• WORK REQUEST
Make an exact copy of the entries below and leave any picture out of it.
* * *
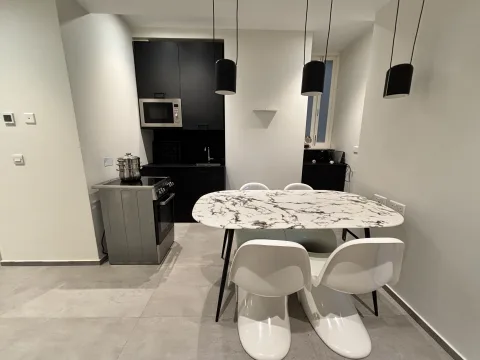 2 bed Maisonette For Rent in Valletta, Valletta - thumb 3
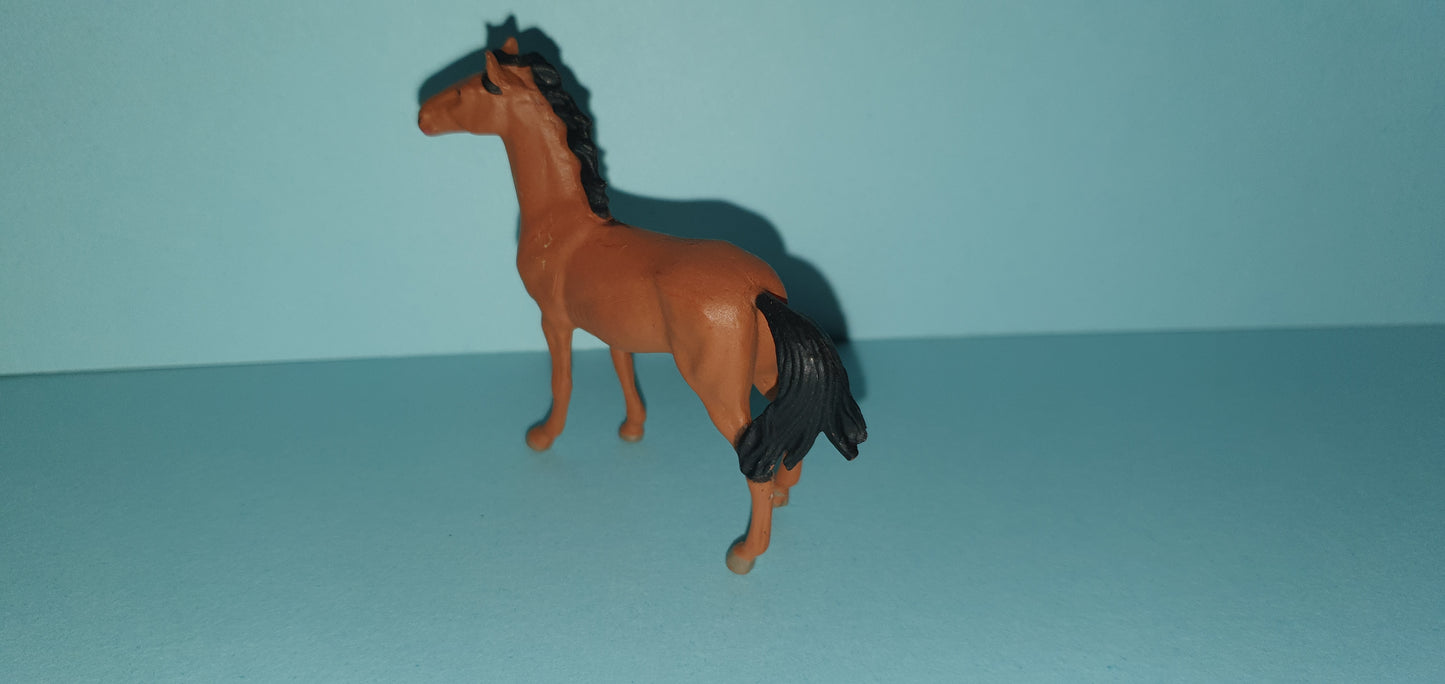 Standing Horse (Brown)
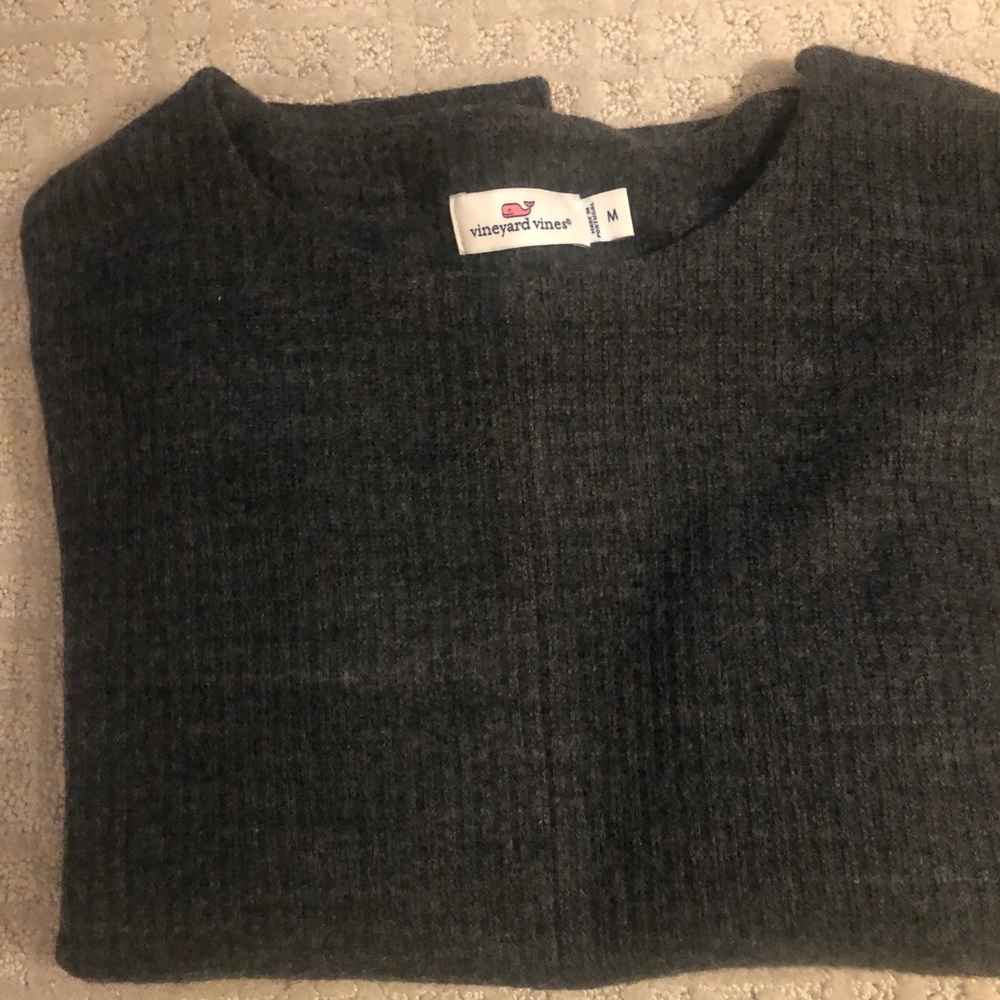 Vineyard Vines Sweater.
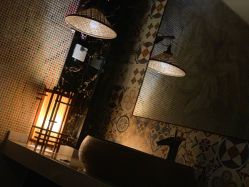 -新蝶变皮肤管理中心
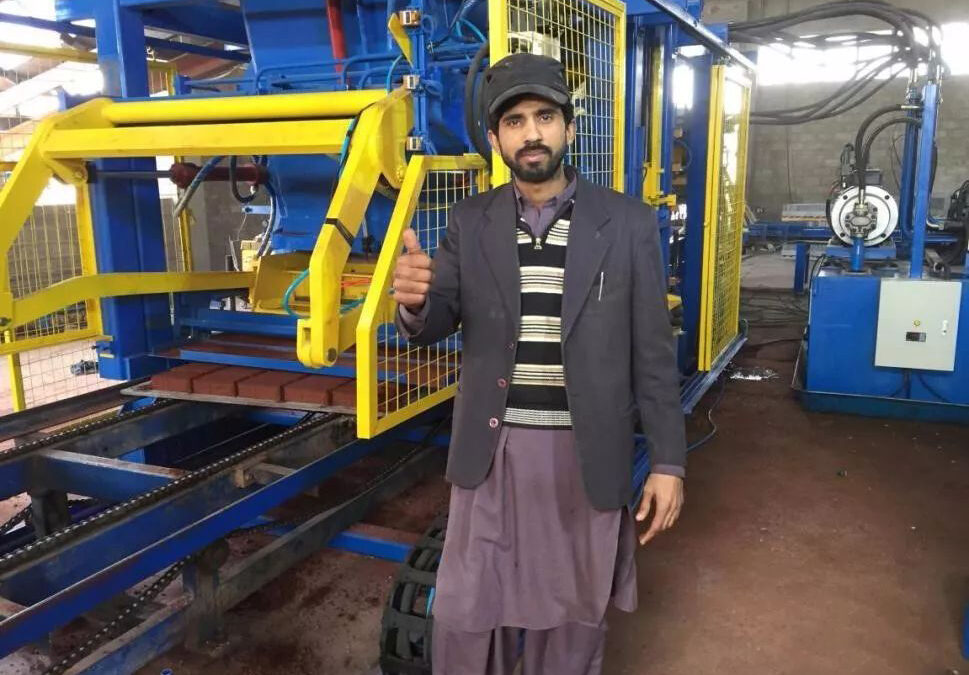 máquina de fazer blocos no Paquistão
* * *
• REPLY TO THE TASK
 2 bed Maisonette For Rent in Valletta, Valletta - thumb 3
 Standing Horse (Brown)
 Vineyard Vines Sweater.
 -新蝶变皮肤管理中心
 máquina de fazer blocos no Paquistão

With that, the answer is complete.